Lesson? When it comes to communication, context is crucial.
The 66 books of the Bible communicate to us. How would knowing the cultural and historical context help us to properly interpret, understand and apply some of those “head-scratching” passages?
*Women not teaching or having authority over man – 1Timothy 2:1-12
*Greeting each other with a kiss – 2 Corinthians 13:12 (Five times the N.T. tells us to do this). Maybe we should supply mouth-wash at our hand-sanitizing stations!
*How about Titus 1:5-6 – “The reason I left you in Crete was that you might put in order what was left unfinished and appoint elders in every town, as I directed you. An elder must be blameless, faithful to his wife, a man whose children believe and are not open to the charge of being wild and disobedient.” Now isn’t that interesting. A literal application of these verses would disqualify a lot of leaders.

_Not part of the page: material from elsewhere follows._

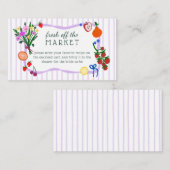 FRESH OFF THE MARKET Bridal Shower Recipe Request Informatiekaartje (Voorkant / Achterkant)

I admit that trying to understand and apply the Bible in light of its cultural and historical context isn’t as easy as saying, “Well, the Bible says so and so we do it,” but I’ve never said this wouldn’t get messy.
While being “inspired” the Bible was written by people in certain cultures and languages. We can best encounter the Bible by taking into account those contexts. What other passages would be better understood by a better understanding of their cultural/historical contexts?